Seth estava ocupado arrumando suas coisas, e Neil feliz por ficar fora do seu
caminho. Quando Seth terminou no quarto, foi para a sala, Neil arrumou a
bagunça que havia feito antes. Matt montou seu computador em uma das mesas
e matou o tempo na internet até chegar a hora de se encontrar com os outros.

“Downtown”. Referia-se a uma longa rua de lojas fora do campus a uma
curta distancia da Torre das Raposas. Na maioria dos casos, as lojas vendiam
equipamento para o campus, mas havia algumas livrarias e meia dúzia de
barzinhos. Parecia uma cidade fantasma agora, com tão poucos alunos ao redor.
Metade dos lugares por onde passaram tinham placas de que reabririam no

outono. O resto permaneceu aberto na esperança de atrair os estudantes durante
o verão e os atletas que estariam durante as próximas duas semanas.

Eles acabaram em um lugar que era metade bar, metade pizzaria. A mesa do
canto em forma de L era perfeita para Neil sentar-se na extremidade e assistir
seus companheiros. Ele esperava a mesma loucura que tinha visto na casa de
Wymack em sua primeira noite na Carolina do Sul, especialmente depois de ver
a tensão que Seth e Allison adicionaram à equipe, mas ficou agradavelmente
surpreso. Quaisquer que fossem suas diferenças, os veteranos tiveram anos para
se acostumar uns aos outros, todos na mesa conversavam entre si. Mesmo Seth e
Allison fizeram tentativas gentis, embora Neil atribuísse essa cortesia à cerveja.
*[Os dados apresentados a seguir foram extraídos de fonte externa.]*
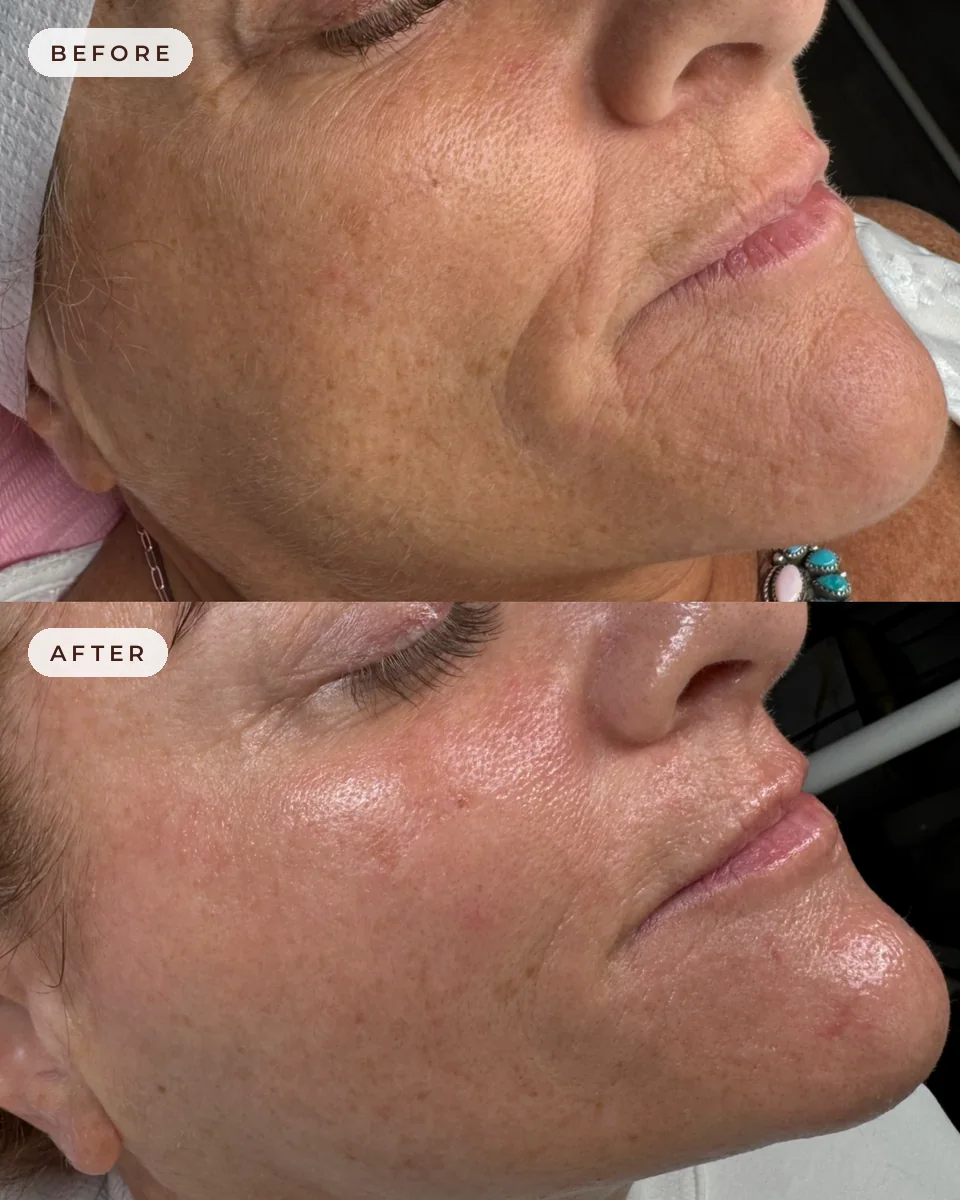 Before and after microneedling at Glow Up Suite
Ele ficou fora de tudo isso, e na maior parte do tempo eles o esqueceram. Ele
havia conhecido o grupo de Dan depois de sua briga com Kevin, Seth e Allison
simplesmente não se importavam em conhecê-lo melhor. As únicas vezes em
que alguém lhe perguntou alguma coisa foi quando Dan ou Matt queriam sua
opinião sobre o assunto em questão.

Eles estavam no meio do jantar quando Dan e Matt se retiraram. Neil os
assistiu sair, mas além de Allison cutucando Renee de maneira significativa,
ninguém disse nada sobre isso. Tampouco mencionaram a mudança de distrito,
embora estivesse na mente de todos. Eles praticamente tinham o restaurante para
si, a falta de burburinhos de outras conversas significativas os calou mais
facilmente.

Dan e Matt voltaram tempo depois, parecendo um pouco mais exaustos. Dan
pegou a conta do garçom em seu caminho de volta para a mesa. Seth brindou
Matt com o que restou de sua cerveja, seus olhos fixados em Allison ao fazê-lo.

Dan e Matt voltaram para o dormitório de mãos dadas. Renee andou atrás
deles com Seth e Allison. Neil estava feliz em ficar para trás. Quando chegaram,
Nicky esperava por eles no corredor.

– Ei, Renee –, chamou Nicky. – Você se importa em ligar para o celular do

Andrew?

– Ele perdeu? – perguntou Renee, puxando o dela para fora de sua bolsinha.

– Já tentei –, disse Nicky. – E, uh, um cara levou ele. Ele não está retornado
nenhuma das minhas ligações.

– Jesus, Nicky – disse Matt. – O treinador disse para você ficar de olho nele
esta noite.

– Eu sei o que ele disse. – Nicky fez uma careta para Matt. – Experimente
algum dia.

– Onde está o Kevin? – perguntou Dan.

– Não saiu da cama desde que voltamos –, disse Nicky. – Aaron está
reparando ele.

Renee levantou uma mão para pedir silêncio. Todos ficaram em silêncio
imediatamente para observá-la. Ela pôs seu telefone em sua orelha, mas sem
dizer nada, provavelmente ouvindo o sinal de chamada. Neil soube que alguém
havia atendido pelo modo que Renee sorriu, mas sem entender como Renee
podia sorrir tão calorosamente ao falar com Andrew.

– Acordei você? – perguntou Ela em vez de OI. – Esperava falar com você
esta noite, mas Nicky disse que você tinha saído. Ah. Tudo bem, então. Vou
tentar de novo amanhã. Almoço, talvez. Ok, boa noite. – Ela desligou e guardou
o celular. – Ele está com o Treinador. Talvez o treinador quisesse ter certeza de
que ele tomaria seu remédio esta noite.

Renee deu um aperto encorajador no ombro de Nicky.

– Ele está bem, Kevin também, descanse um pouco, não podemos fazer
outra coisa senão trancar as portas e rezar.

– Obrigado –, agradeceu Nicky, e desapareceu de volta para seu quarto.